Can you help me solve the following problem of inequality? The context from where this arose, is I think unnecessary to be discussed here, and it is just a step which is preventing me from solving a problem. So, here it is:
Suppose that $a_i$, $b_i$ and $d_i$ $(1\leq i\leq n)$ are real numbers, with the $d_i$'s being positive, satisfying: $$\sum_{i=1}^n a_i^2 \leq \alpha \hspace{1cm}\textrm{and}\hspace{1cm}\sum_{i=1}^n \frac{b_i^2}{d_i} \leq \alpha~,$$ for some non-negative $\alpha$. Then, is the following true for any $\theta \in [0,1]$? $$\sum_{i=1}^n \frac{(\theta a_i + (1-\theta)b_i)^2}{\theta + (1-\theta)d_i} \leq \alpha~?$$ My attempts were to show that the function $$f(\theta) := \sum_{i=1}^n \frac{(\theta a_i + (1-\theta)b_i)^2}{\theta + (1-\theta)d_i}$$ is convex, or at least quasiconvex, which would solve the problem, since $f(1)= \sum_{i=1}^n a_i^2 $ and $f(0) = \sum_{i=1}^n \frac{b_i^2}{d_i}$. Unfortunately, I can show neither.

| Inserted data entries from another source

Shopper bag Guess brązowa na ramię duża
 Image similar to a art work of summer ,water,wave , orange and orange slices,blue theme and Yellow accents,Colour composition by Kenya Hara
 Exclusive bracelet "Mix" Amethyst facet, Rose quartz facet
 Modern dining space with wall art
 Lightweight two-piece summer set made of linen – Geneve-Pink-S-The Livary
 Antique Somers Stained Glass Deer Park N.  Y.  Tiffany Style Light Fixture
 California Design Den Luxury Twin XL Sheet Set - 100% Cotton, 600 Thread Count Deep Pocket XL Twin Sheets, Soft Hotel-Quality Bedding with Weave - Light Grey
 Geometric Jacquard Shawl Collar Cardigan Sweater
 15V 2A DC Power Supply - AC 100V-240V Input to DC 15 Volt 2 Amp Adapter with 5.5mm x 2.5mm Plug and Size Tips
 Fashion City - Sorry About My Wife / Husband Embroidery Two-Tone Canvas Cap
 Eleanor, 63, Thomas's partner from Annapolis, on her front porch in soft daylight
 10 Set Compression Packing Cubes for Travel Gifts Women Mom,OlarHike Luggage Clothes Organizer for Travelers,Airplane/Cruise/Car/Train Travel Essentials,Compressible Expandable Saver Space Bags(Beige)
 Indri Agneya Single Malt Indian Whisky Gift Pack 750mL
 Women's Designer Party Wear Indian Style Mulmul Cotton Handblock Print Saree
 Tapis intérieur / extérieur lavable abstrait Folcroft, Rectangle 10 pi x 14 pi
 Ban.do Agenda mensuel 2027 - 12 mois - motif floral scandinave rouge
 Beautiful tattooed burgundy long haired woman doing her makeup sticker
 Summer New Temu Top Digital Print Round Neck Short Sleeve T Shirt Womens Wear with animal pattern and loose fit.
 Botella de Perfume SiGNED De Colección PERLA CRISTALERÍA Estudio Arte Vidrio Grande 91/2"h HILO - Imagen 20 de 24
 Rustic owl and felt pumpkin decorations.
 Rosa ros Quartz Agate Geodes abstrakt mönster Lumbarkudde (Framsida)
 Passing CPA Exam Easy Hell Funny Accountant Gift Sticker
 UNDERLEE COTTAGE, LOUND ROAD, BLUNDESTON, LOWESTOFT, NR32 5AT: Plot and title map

Any help will be greatly appreciated!!
By CS inequality, $$\alpha =\theta \alpha +(1-\theta)\alpha\geqslant \theta \sum a_i^2 + (1-\theta)\sum \frac{b_i^2}{d_i} = \sum \left(\frac{\theta^2 a_i^2}{\theta} + \frac{(1-\theta)^2b_i^2}{(1-\theta)d_i}\right)\\ \geqslant \sum\frac{(\theta a_i + (1-\theta)b_i)^2}{\theta+(1-\theta)d_i}$$